# Stray cat attacked my kitten and severely injured him.



## Ultimate Instar (Oct 29, 2003)

Last  Saturday evening, a large adult (maybe Maine coon) apparently attacked both of my cats, an adult female and a four-month-old male.  My female is ok now but she was limping on her right back leg.

My poor kitten is another story.  He got a compound fracture of his right back leg (same leg as the female) as well as serious bites to his pelvis.  The vets irrigated out the wound and took out a large (1 by 2 cm) fragment of bone from his right leg and some smaller pieces from his pelvic region.  The vets have him on antibiotics since he developed abscesses from the bites and they'll try to insert a pin into the leg bones to try to save the leg. 

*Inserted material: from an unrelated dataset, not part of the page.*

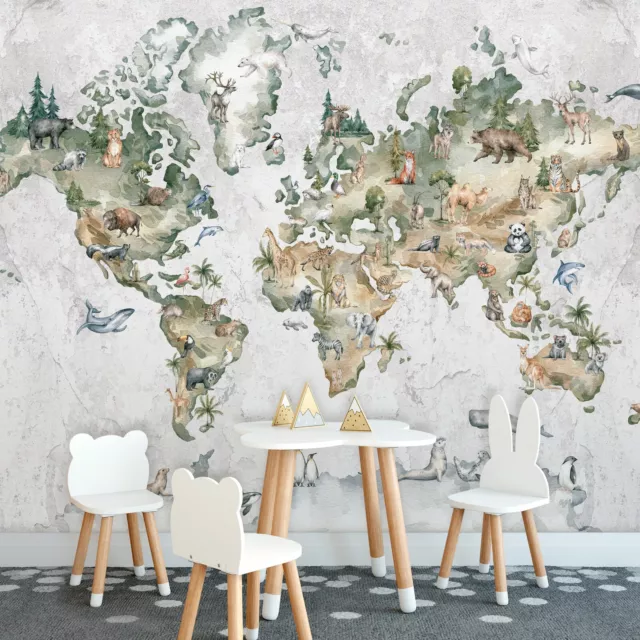 MAP ANIMALS BOYS Photo Wallpaper Wall Mural Modern for Children's room Kid's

Anyway, my question is whether or not the stray cat was really the culprit.  I saw him attacking my female cat several months ago.  And when I found my injured cats on Saturday night, he was five feet away from my female, hissing at her.  However, the vet isn't sure that a large adult male cat is capable of inflicting such bad injuries on a five-pound kitten, and thought that a dog was more likely.  I live in a very rural area, on the west coast just above the California state line in Oregon, very close to Redwood National Park.  There are raccoons, black bears, cougars, quite a lot of wildlife, so there are many other possibilities.  

What do you guys think?  And do you have any suggestions on how to protect my cats?

Karen N.


----------



## atavuss (Oct 29, 2003)

Karen, sorry to hear about your cat's getting beat up like that!  did you look for footprints in the scuffle area to see if it was a raccoon or dog that did the dirty deed?  you may want to think about putting out a trap to see what ends up in it.  short of making your kitties indoor cats or at the very least letting them out in the day time only and putting them in the house or garage at night not much else you could do.
Ed


----------



## manville (Oct 30, 2003)

that really sucks i hope they are fine


----------



## Immortal_sin (Oct 31, 2003)

that's too bad.... poor kitten...
I might suggest that if you let them out doors, that you have a fenced in area for them, that way they are safe, and can still go outside. I've seen them done with chicken wire, and even enclose part of a small tree, so they can climb around. 
If you have a fenced backyard, I believe there are products that can make it so the kitties can't get out, and wildlife can't get in.
I'll see if I can find some links to what I am talking about.


----------



## The_Phantom (Oct 31, 2003)

My suggestion...keep them inside if at all possible. The bigger cat is probably big enough to defend itself, and might not take kindly to suddenly being forsed to stay inside all teh time. But the kitten, still young, wont really know the difference and will adjust better. I whole heartedly wish that ALL kittens be kept indoors until they are at least one year old, because kittens get lost easily, and cannot defend themselves against cats, coyotes, birds of prey, dogs and other beasts. Then if the owner really really wants the cat to have teh freedom of outdoors, then let them out. My cat Kes is 1 year old and has never gone out. Shes happy, friendly, playful, healthy and ALIVE. It is such a protection to keep them indoors. Its not cruel or confining. Keep them busy. Indoor cats are protected from fights, diseases from other cats, (esp strays) getting flattened by cars, predators, and even people. Its worth it!! I hope you come to a solution.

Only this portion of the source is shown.